Matthew 16:24 – No, Jesus isn’t going to take up your cross for you
- November 14, 2024
- Posted by: Michael Hallett
- Category: Parables
In this blog I’m going to write about one of those pesky verses in the gospels that we all know is there yet it’s often easier to pretend it isn’t, Matthew 16:24: “Then Jesus said to his disciples: ‘If any of you want to be my followers, you must forget about yourself. You must take up your cross and follow me.’”
Take up your cross
What does ‘take up your cross’ mean?
For me, it’s about taking on whatever obstacle stands between you and Christ: trauma, addiction, disempowerment. Those immovable issues that seem to dog us forever.
I often see people in church petitioning God or Jesus to wave a magic wand and make such issues disappear. This is naïve wishful thinking with no basis in reality. No, Jesus isn’t going to take up your cross for you.
In Matthew 16:24, Jesus tells us there is no easy way. There is no back-tracking or skirting the issue if you genuinely want root cause resolution. The only way out is through.
“Take up your cross” is an invitation to walk your own personal calvary to deal with whatever is afflicting you—your own crucifixion on the cross of fear and shame.
At the centre of that cross lies the reason behind every stuck issue: irresponsibility.
Irresponsibility
Our ‘crosses’ are the parts of our lives where we haven’t been able to assume emotional responsibility for resolving them, which often involves—as Jesus does—speaking truth to power.

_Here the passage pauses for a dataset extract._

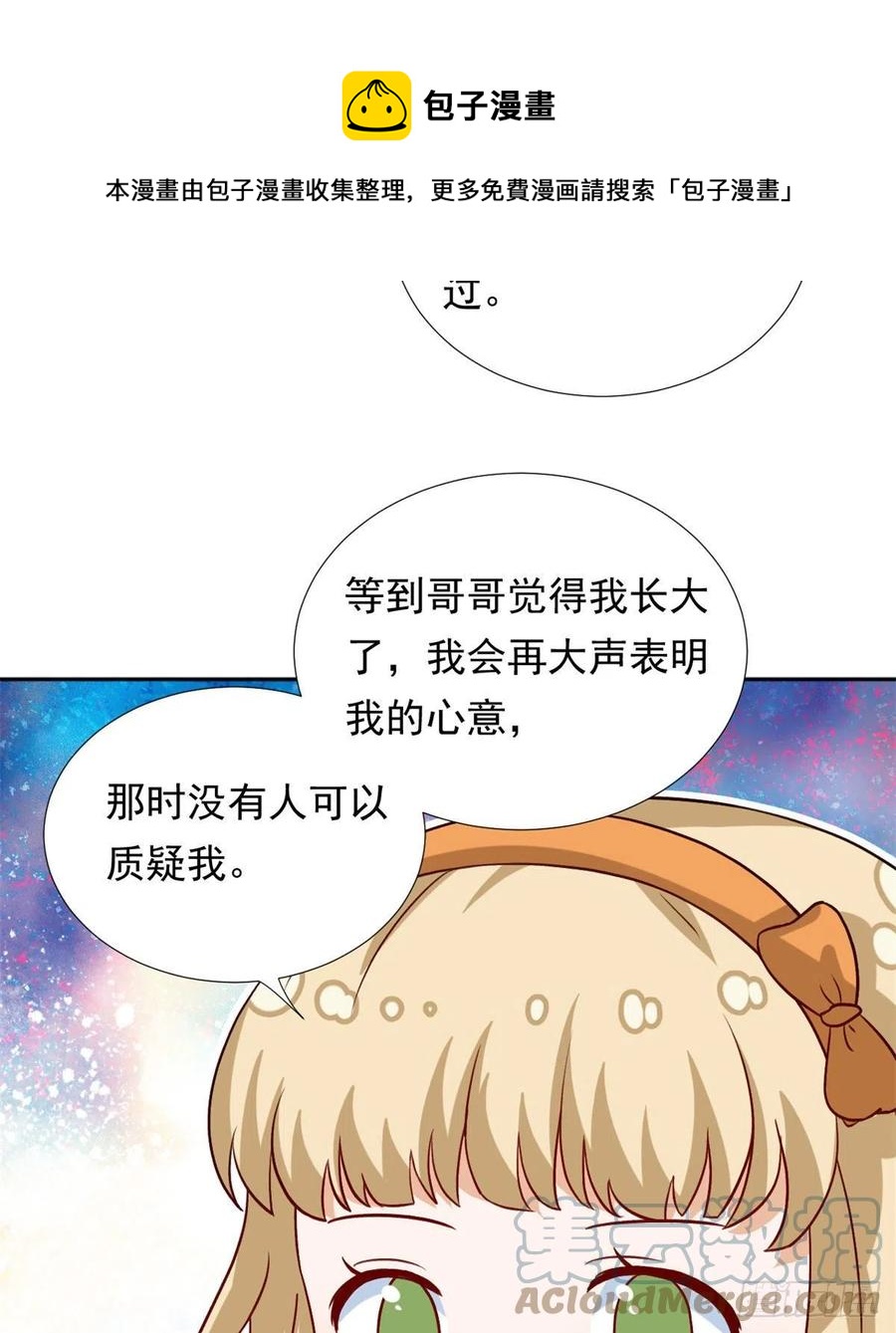 103	我才不会放弃咧36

It also requires us to feel all the unfelt pain and shame of those issues.
Jesus addresses this in the next verse, Matthew 16:25: “If you want to save your life you will destroy it. But if you give up your life for me, you will find it.” If you stay as you are and don’t resolve stuck issues, they will gnaw at you till they destroy you. Take responsibility—as Jesus demonstrates—and break free.
This issue of irresponsibility is why Jesus (or God) isn’t going to pick up our cross and carry it for us. Christ can support us from within, but we must choose to “take up your cross” and follow Jesus’ example as he proceeds magnificently through his own calvary.
By picking up our cross we take responsibility for shouldering its burden and bringing about necessary change.
Making gods
Why does Jesus encourage us to take emotional responsibility for our own lives?
Matthew 21:21 (John 14:12 is similar) reads: “If you have faith and don’t doubt, I promise you can do what I did to this tree [cause it to die]. And you will be able to do even more. You can tell this mountain to get up and jump into the sea, and it will.”
These are Godlike powers—and Jesus tells us we shall do all this and more. As French philosopher Henri Bergson wrote, “the universe is a machine for making gods.”
The gospels are not instructions for righteous living and moral rectitude. They’re manuals to educate infant gods in training. The mark of the master is not only skill but, first and foremost, responsibility.
God’s laws ensure such powers are only given out responsibly. Taking up our cross is the demonstration of that responsibility. Only when we will not act irresponsibly under any conditions whatsoever will be access such powers.
Now, will you take up your cross and follow Jesus?